The Employers’ Association (TEA) is a not-for-profit employers’ association, formed in 1939, with offices in Grand Rapids serving the West Michigan employer community. We help more than 600 member companies maximize employee productivity and minimize employer liability through human resources and management advice, training, survey data, and consulting services.

TEA is in the business of helping people. This blog is intended to address human issues, concerns and the things that impact people - be they self-perpetuated or externally imposed.
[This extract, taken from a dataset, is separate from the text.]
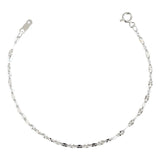Esclava Pulsera Granito De Cafe Regalo Plata S925 Mujer 2 Mm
Feel free to respond to the thoughts presented here, for without each other, we are nothing!

Wednesday, November 29, 2017


Most people are “measured” by the success they have which becomes the results we aspire to emulate.  Little attention, however, is given to the small, commonsense, practical things that often lead to failure.  While we cannot avoid all missteps along the way – particularly if we are committed to initiating new solutions, forging alternative paths and seeking places where “no person has ever gone before” – there ARE some sure-fire mistakes we make that minimize our chances of success.  If we are able to identify and avoid these simple assumptions, pitfalls and roadblocks we will be able to avoid debilitating failure.  Some of these “common sense” areas that promote mistakes and disruptive missteps would include:

Mistaken Assumption #1:            PEOPLE DO NOT ENTER INTO A RELATIONSHIP (OR A NEW JOB) UNLESS THEY ARE FULLY EQUIPPED TO PERFORM.  THEY ABSORB AND IMPLEMENT NEW IDEAS AS THEY GAIN EXPERIENCE.  THERE IS NO NEED TO BUDGET FOR OR INVEST IN TRAINING – IF A PERSON IS NOT CAPABLE OF DOING, PARTICIPATING IN OR SHARING SOMETHING HE OR SHE WOULD NOT BE ENGAGED/INVOLVED.  Insecure individuals often feel threatened by others who “know too much” or are “overqualified.”  Unless a degree of “shared success” can be established, refusing to allow or permit one individual doing everything with the other accomplishing very little, a partnership cannot grow.  Individuals perform better when they have a high (but realistic) self –concept – knowing they are fully equipped to perform any job that is assigned or to contribute in the resolution of any problem that is faced while in a relationship.  Managers of excellence recognize that elevating their people’s skills will enhance their own ability to contribute more to their organization.  Individuals should be capable of assuming more than their basic job responsibilities so that both employee AND manager has time to seek new challenges.  Within ANY relationship, once part of the equation feels underappreciated – when all participants can no longer gain from expanding their knowledge base or trying new approaches – the beginning of an inevitable end has clearly revealed itself. 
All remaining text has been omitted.